Belchior de Azeredo foi designado, em 1550, para ocupar na Vila de Vitória a função de escrivão do Provedor, Feitor, Almoxarife e da Alfândega. Foi cavaleiro fidalgo por alvará do Senhor D. Sebastião (27 de novembro de 1566) e “fidalgo de geração, e família de seu apelido por brasão”, que se lhe passou a 6 de dezembro de 1566 (RTHG, Tomo V: 436). Acerca dele, eventualmente referido como “Melchior”, escreverá o padre jesuíta Braz Lourenço, o verdadeiro organizador do estabelecimento dos jesuítas na capitania, em uma carta enviada em 10 de junho de 1562:
O Capitão a que chamam Melchior de Azeredo, pessoa mui nobre e pera este officio mui sufficiente, assi por sua virtude e saber como por ter elle animo pera sujeitar estes índios e resistir aos grandes combates dos Francezes, é muito nosso devoto e ajuda e favorece em todas as cousas tocantes á conversão dos Gentios e em tudo o de mais que cumpre a serviço de Nosso Senhor. Todos os seus negócios e cousas de consciência communica sempre com o padre Braz Lourenço, a que elle tem muito credito, e obediência in Domino, e é muito nosso familiar, e nos manda commummente ajudar com suas esmolas.

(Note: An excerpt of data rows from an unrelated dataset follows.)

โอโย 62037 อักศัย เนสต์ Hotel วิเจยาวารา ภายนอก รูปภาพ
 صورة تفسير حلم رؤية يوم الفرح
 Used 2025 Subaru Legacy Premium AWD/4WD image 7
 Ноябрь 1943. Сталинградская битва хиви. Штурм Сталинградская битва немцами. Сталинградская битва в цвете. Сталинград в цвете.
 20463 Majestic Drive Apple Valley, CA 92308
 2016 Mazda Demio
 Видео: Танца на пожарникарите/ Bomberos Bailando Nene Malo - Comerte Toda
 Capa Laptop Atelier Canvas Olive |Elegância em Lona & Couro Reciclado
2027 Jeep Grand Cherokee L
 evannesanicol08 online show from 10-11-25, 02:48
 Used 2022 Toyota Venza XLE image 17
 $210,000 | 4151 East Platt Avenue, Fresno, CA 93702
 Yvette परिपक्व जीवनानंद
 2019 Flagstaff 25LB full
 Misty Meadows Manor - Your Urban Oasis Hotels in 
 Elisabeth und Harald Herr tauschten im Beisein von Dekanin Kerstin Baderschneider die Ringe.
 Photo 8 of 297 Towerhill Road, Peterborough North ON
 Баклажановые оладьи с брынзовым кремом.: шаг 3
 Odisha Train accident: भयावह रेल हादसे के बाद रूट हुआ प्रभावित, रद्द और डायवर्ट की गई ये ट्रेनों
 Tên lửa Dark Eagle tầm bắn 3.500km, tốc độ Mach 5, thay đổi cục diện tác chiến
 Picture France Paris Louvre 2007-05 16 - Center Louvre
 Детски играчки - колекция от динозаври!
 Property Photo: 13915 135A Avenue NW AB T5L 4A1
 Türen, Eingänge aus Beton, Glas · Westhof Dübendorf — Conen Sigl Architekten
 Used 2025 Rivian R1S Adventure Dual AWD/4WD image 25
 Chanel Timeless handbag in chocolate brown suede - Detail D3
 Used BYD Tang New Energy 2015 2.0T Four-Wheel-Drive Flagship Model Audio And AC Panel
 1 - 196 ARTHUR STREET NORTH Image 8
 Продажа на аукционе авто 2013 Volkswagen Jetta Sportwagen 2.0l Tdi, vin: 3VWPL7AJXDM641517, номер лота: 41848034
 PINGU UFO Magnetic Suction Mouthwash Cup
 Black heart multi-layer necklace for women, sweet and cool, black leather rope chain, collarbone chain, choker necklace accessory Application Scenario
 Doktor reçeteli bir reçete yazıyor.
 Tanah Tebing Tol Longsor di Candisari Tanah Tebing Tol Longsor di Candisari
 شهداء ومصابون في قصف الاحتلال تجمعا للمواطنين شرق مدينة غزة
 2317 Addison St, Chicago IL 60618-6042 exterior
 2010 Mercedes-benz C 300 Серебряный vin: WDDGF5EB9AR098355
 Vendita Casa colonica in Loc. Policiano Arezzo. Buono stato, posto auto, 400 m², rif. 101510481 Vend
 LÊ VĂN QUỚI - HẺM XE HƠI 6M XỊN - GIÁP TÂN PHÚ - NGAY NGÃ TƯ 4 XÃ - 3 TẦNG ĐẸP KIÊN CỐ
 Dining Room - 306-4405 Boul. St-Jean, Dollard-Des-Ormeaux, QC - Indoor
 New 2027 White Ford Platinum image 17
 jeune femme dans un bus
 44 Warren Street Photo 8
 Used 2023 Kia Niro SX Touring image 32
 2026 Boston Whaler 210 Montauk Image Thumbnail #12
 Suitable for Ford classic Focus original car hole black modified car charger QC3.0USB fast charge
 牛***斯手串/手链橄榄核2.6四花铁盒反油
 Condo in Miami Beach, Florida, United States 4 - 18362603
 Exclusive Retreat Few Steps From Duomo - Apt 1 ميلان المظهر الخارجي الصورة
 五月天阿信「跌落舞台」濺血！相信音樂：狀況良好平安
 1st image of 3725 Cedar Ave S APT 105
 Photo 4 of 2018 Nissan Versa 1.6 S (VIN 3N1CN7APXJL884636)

Este anno passado, despois que o governador Men de Sá destruiu a fortaleza no Rio de Janeiro, foi esta capitania mui combatida dos Francezes, os quaes, entrando neste porto com duas naus mui grandes e bem artilhadas, se puzeram defronte desta povoação, cousa pera causar assaz terror por serem os moradores poucos, as casas cobertas de palha e sem fortaleza. Acudiu o Capitão com todos os mais a se encommendar primeiro a Santiago, como sempre costuma indo a suas guerras, nas quaes Nosso Senhor o favorece com lhe dar sempre vencimento; sahiu o padre Braz Lourenço a elles, e, tomando a bandeira do bemaventurado Santiago nas mãos, se foi com elles até ao logar do combate, aonde houve de uma parte e d’outra muitos tiros, dos quaes nem-um fez damno aos da povoação nem a ella; mas antes um dos nossos lhe deu com um falcão ao lume d’água em uma das suas naus, com o qual se puzeram em fugida; e os Christãos, seguindo seu Capitão, se foram apóz elles em almadias com muita escravaria ás frechadas até os lançarem fóra do porto. (Cartas Jesuíticas Avulsas, 1550-1568, p. 339-340).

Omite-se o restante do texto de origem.